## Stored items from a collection
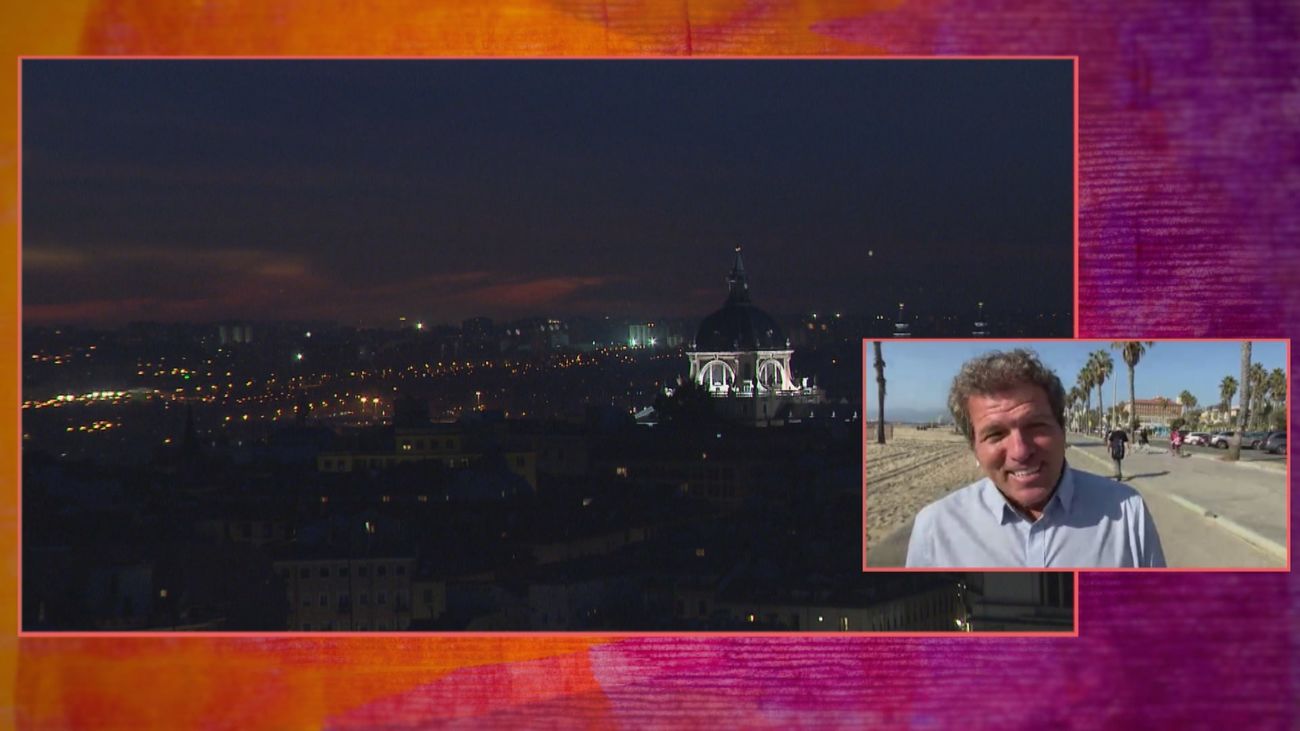 Así afecta a nuestro estado de ánimo que los días sean más cortos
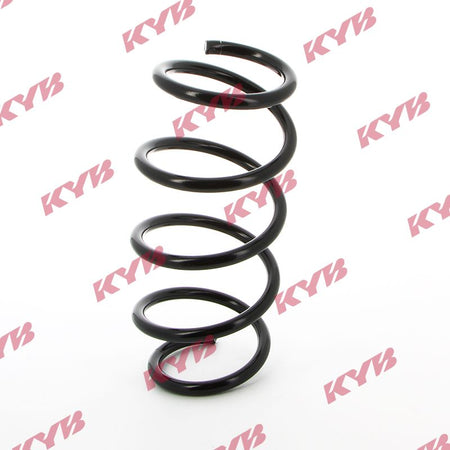 KYB RA1235 Suspension Spring - 1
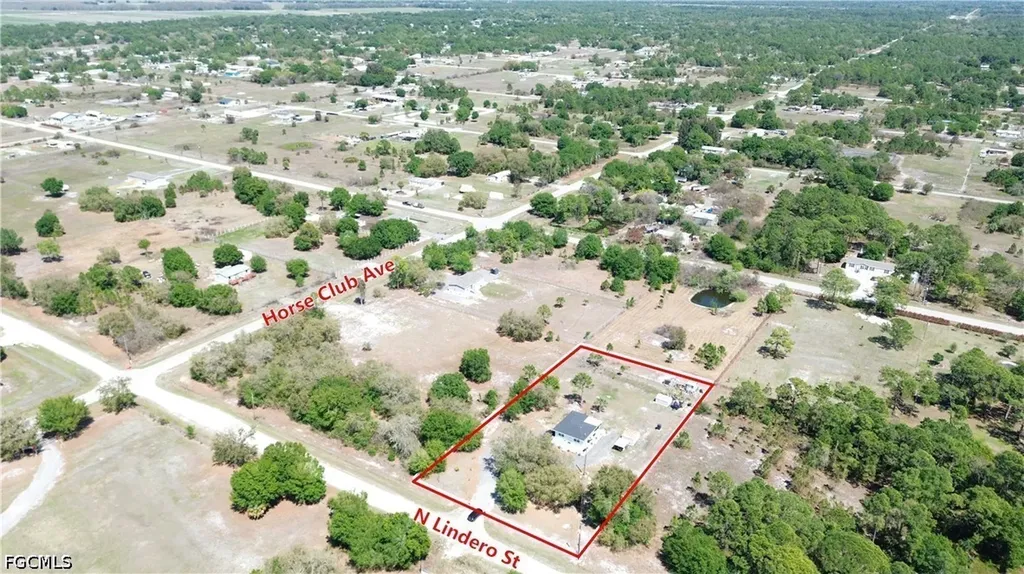 475 N Lindero Street Clewiston FL 33440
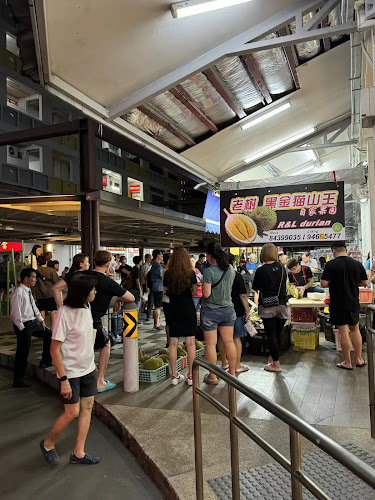 806 Hougang Central, #01-150, Singapore 530806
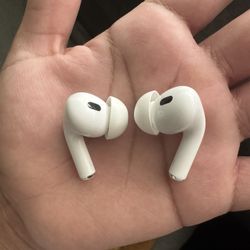 AirPods pro 3 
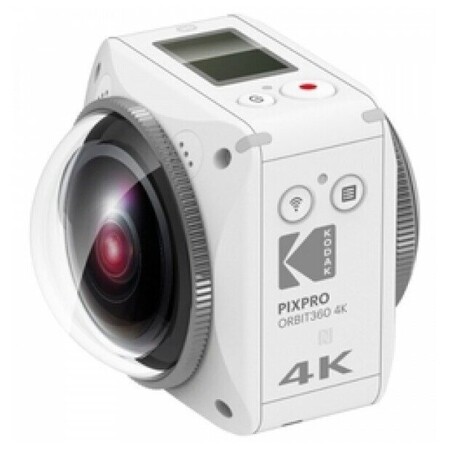 Kodak HD Wifi F670: характеристики и цены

## The problem
Write out exactly the lines from the one containing "KYB RA1235 Suspension Spring - 1" through the last line of the records above, both ends included, and leave out any pictures.

## Exercise output
 KYB RA1235 Suspension Spring - 1
 475 N Lindero Street Clewiston FL 33440
 806 Hougang Central, #01-150, Singapore 530806
 AirPods pro 3 
 Kodak HD Wifi F670: характеристики и цены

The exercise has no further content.